It’s the season for Coachella — and shortly after that, of Lightning in a Bottle, BottleRock, Bonnaroo, Pitchfork, Lollapalooza, Warped Tour, Arroyo Seco, Outside Lands, and others. What these festivals have in common, besides acts with publicists and oceans of people peaking on whatever the hell was even in that pill, is that almost every set consists of approachable music in a pop idiom. They’re fun, no question, but even the strangest undercard performers don’t deviate too far.
So it’s welcome news that a completely different kind of festival — one with way fewer Heineken wristbands or co-branded apparel — makes its U.S. debut here in the Bay Area next month. MUTEK.SF takes over nine venues from May 3-6, including Bimbo’s, Heron Arts, The Midway, Gray Area Grand Theatre, the California Academy of Science, with live electronic music, art and audiovisual installations, and more. The lineup, already announced, includes figures who will be familiar to local fans, such as Bézier and Jackie House — alter egos of two Honey Soundsystem DJs, and Oakland’s Russell E.L. Butler. They’ll perform along with other internationally renowned acts such as Moritz von Oswald of Basic Channel and Rhythm & Sound— who’s making his North American solo live premiere — Matias Aguayo, and Aux 88.
Cadie Desbiens, a Montreal artist who performs with Greg Debicki as Woulg & Push 1 Stop, is a creative coder who makes visual and interactive designs, including Interpolate, in which “sound and visuals are super-connected, and all done in real-time.
“It’s really geeky,” she laughs, adding. “I’m also one of the only women.”
That will change. Presented in part through efforts by the Consulate General of Canada in San Francisco, the Consulate General of France in San Francisco, and the Consulate General of Mexico in San Francisco, MUTEK is also a project of Keychange, a British initiative that aims to see gender parity among festival acts by 2022.
To keep things organized, MUTEK.SF has are four separate tracks. Digi Lab comprises panel discussions and technical ed, while A/Visions presents audiovisual works and Nocturne is the clubbier offshoot. Lastly, there’s Experience, the series of “mixed indoor-outdoor programming in a day-into-night setting.”
Desbiens’ work falls under A/Visions, where she and Debicki will have between half an hour and an hour at Gray Area to present their work.
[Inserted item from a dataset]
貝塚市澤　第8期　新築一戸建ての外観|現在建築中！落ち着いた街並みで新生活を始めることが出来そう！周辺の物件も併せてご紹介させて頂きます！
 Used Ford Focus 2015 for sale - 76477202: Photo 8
The atmosphere will be closer to a standard concert performance than an outdoor tent with a party vibe.
“We deal with the experimental, so it fits well in a theater where you can present the visual and the sound,” she says. “It’s a bit more intellectual, I would say. I’ve always wanted to have nights where it’s techno party nights and nights where it’s more ambient music or drone music and you can really meditate with it, plus other nights with video where you can really sit and appreciate something that’s really grandiose. Some artists have pretty big installations with lasers.
“We need to be in a theater,” she adds. “What I really like about MUTEK is that every night is different, for sure. But there’s always some rules: One is to have these high-standards visual programming and the other is ti have local artists.”
So the Japanese and Mexican iterations had very different lineups, with acts that might not otherwise easily gain international exposure easily.
“It’s very well-curated, you’ll see,” she says.
And if you think, well, this is an entirely different animal than the standard summertime festivals circuit, Desbiens reveals at the end of our phone call that she’s at a certain polo ground in Indio, Calif., where it’s normally very hot — but as a Canadian, she thinks in Celsius.
“It’s wonderful here,” she says. “It’s like 38 degrees at the moment.”